It's normal to do a round-up of the big trends of the year. But 2016 wasn't a normal year, and while it did produce a load of new phenomena, trends and crazes, it also had a tendency to kill them off within minutes of their coming into existence. Not since junior school have fads been so transient, new heroes so quickly out of vogue. As such, here are all the things that happened in 2016, and then very quickly stopped happening.
January: Oh my god, Serial's got a second season!
Now: I feel like the guy's name was Bo something?
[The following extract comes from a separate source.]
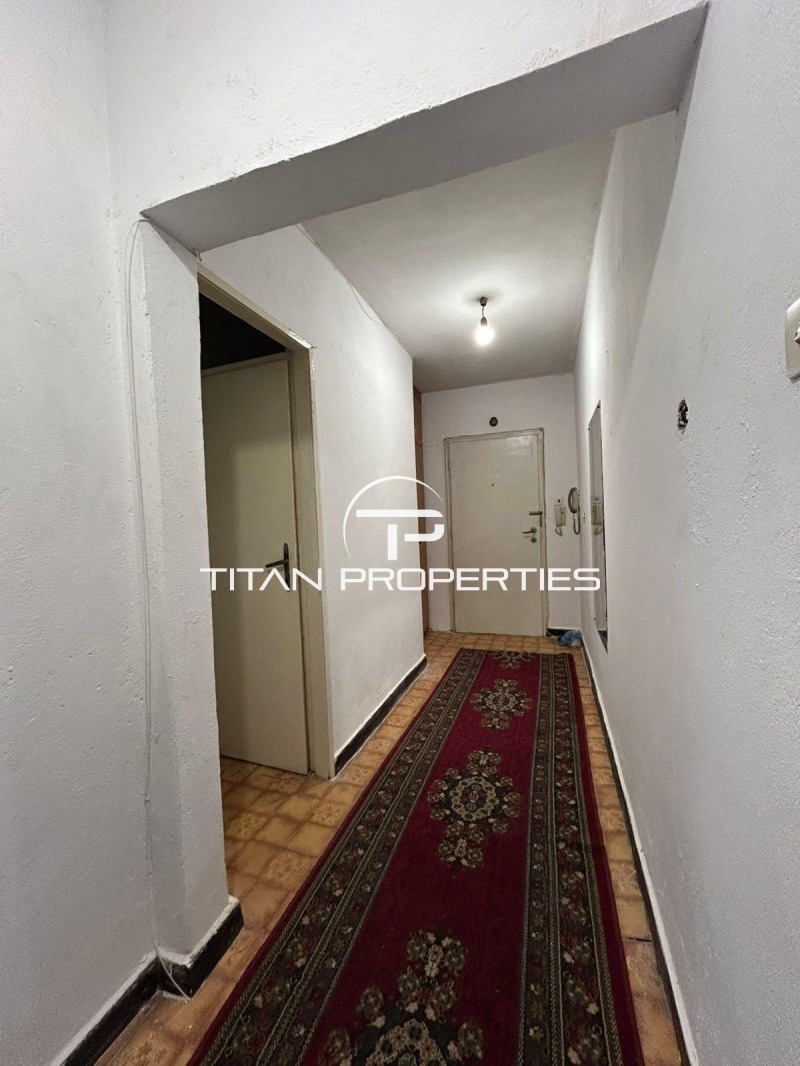 Дава под Наем 2-СТАЕН в град Бургас, Славейков - 65 кв.м / 350 € » 684.54 лв., ТИТАН ПРОПЪРТИС РЕНТ-ИЗТОК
The most sucessful podcast of all time returned at the end of last year, and people were hyped. Serial's suspenseful first season, full of cliffhangers and real crime, had raised expectations. But the story in this season, of Bowe Bergdahl's desertion in Afghanistan, was already widely known, and while the journalism Koenig and her team did was thorough and thoughtful, it was also super boring. Show me anyone who made it to the last episode, and I will show you a liar.
January: Jack Garratt is the Sound of 2016 and Brits Critics' Choice
Now: No one in Britain can name a Jack Garratt song
At the start of the year Jack Garratt was heralded as the great new hope of British music, winning the BBC Sound poll and the Brits Critics; Choice award, effectively doing the music industry "double" when it comes to big music tips. People felt certain about him because he was a bit soul-y and a bit electronic-y, but then his debut (and only) single peaked at number 67 and his album dropped out of the charts after a month.
He wasn't the only one, though – other big tips like Izzy Bizu and Frances also had very poor commercial performances this year, suggesting that basically no one in the music industry or music press has any idea what they're talking about.
February: Britain gets a new newspaper. Print is saved!
Now: Britain lost two newspapers. Print is dead!
In February, the publishers behind the Mirror announced they were launching a new newspaper – not like those other stinking newspapers with all their gloom and reality; this was going to be a good newspaper that gave people what they wanted: a break from all that bad news, just the nice stuff – a New Day! Except it turned out this wasn't what they wanted and, after a huge TV ad and marketing campaign, circulation fell continually. The paper folded in May, joining The Independent, which also went online only this year.
May: Leicester City is the most successful team in Britain
Now: Leicester City isn't even the most successful football team in Leicester
In a normal year, we'd probably all still be talking about Leicester's 5000-1 Premier League triumph. In the spring, it seemed physically impossible for them to lose a game, eking out victories over opponents big and small. Flash forward to now and they're stuck between Burnley and Middlesborough, 15th in the league. At this point they could learn a thing or two from Leicester Road, the amateur team round the corner from the club. They're currently first in Division One of the Midland Football League.
July: Pokemon Go was going to move us into a new era of augmented reality.
Now: Pokemon Go is a thing you deleted off your phone some time ago
Remember the news stories? Pokemon Go wasn't just an iPhone game, it was a world event: people were getting run over, robbed, leaving the house for the first time, overcoming their agoraphobia. Everyone was talking about this being the video game to change everything, to turn the world into a kind of Tron-like megaplex where everything you saw and touched could win you points. And then? Well, the gameplay was clunky and rinsed all your battery, and within three weeks Pokemon returned to being a thing for adult nerds who haven't fully processed some kind of childhood trauma.
October: Ken Bone is the one good thing about the US election
Now: Ken Bone is weird dude
During the US election, as a brief respite from the normalisation and eventual election of a misogynistic, racist demagogue hell bent on dragging America back several decades, everyone on the internet got rather excited about Ken Bone, a member of the public who asked a question at one of the debates. They liked him because he was squidgy and wore a silly red jumper. After the debate the world went Ken Bone crazy – there was a "sexy" Ken Bone Halloween costume, he was offered a role in a porno, Joe Jonas of the Jonas Brothers even inquired whether he was single. Hahaha, what fun.
It was all going so well until Bone did a Reddit AMA and users dug up his Reddit history – where he said the killing of Trayvon Martin was "legally justified", admitted to looking at the leaked photos of Jennifer Lawrence and called pregnant women "beautiful human submarines" in a subreddit called "PreggoPorn". Suddenly cuddly Ken turned into just another flawed human and was left to hang.
Tough break, but as we were reminded in 2016: that's life. You're riding high in April, shot down in May (or in Ken's case, riding high in October, shot down in October).